### Stored data
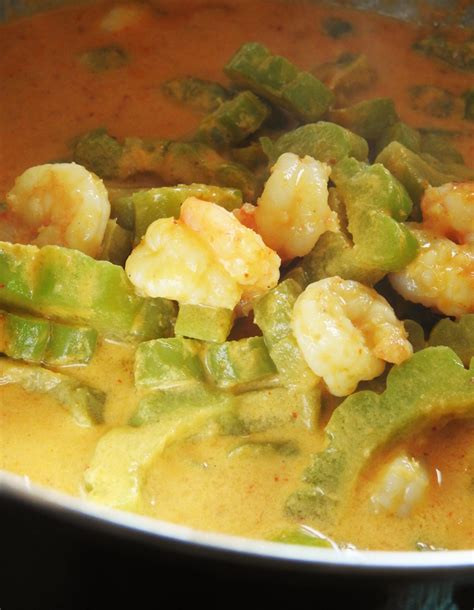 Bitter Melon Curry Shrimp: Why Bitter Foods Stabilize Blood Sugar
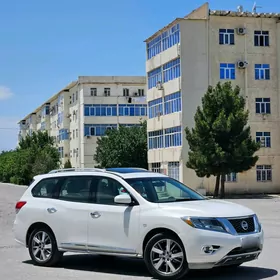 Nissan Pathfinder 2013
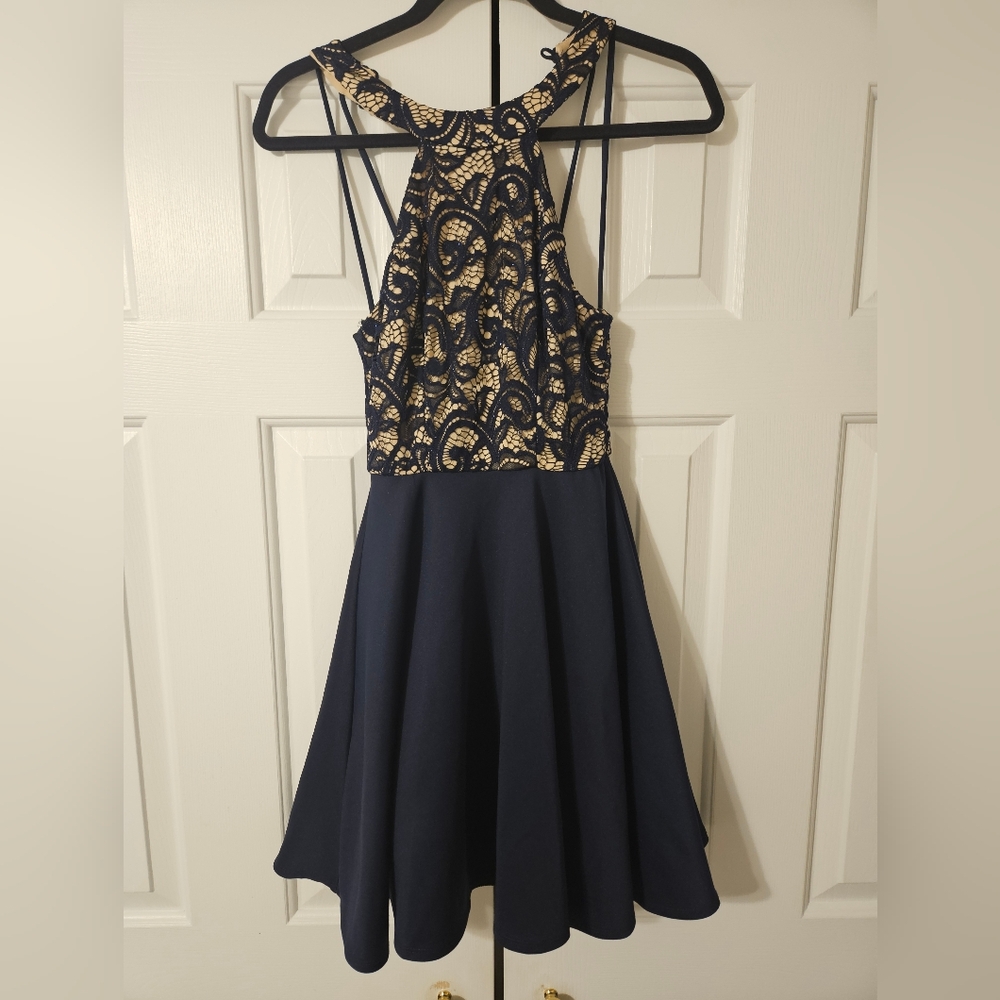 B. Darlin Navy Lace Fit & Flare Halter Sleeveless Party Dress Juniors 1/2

### Work task
Only the lines from the one with "Nissan Pathfinder 2013" through the end of the listing above should be output, exactly as written and with no pictures.

### Exercise answer
 Nissan Pathfinder 2013
 B. Darlin Navy Lace Fit & Flare Halter Sleeveless Party Dress Juniors 1/2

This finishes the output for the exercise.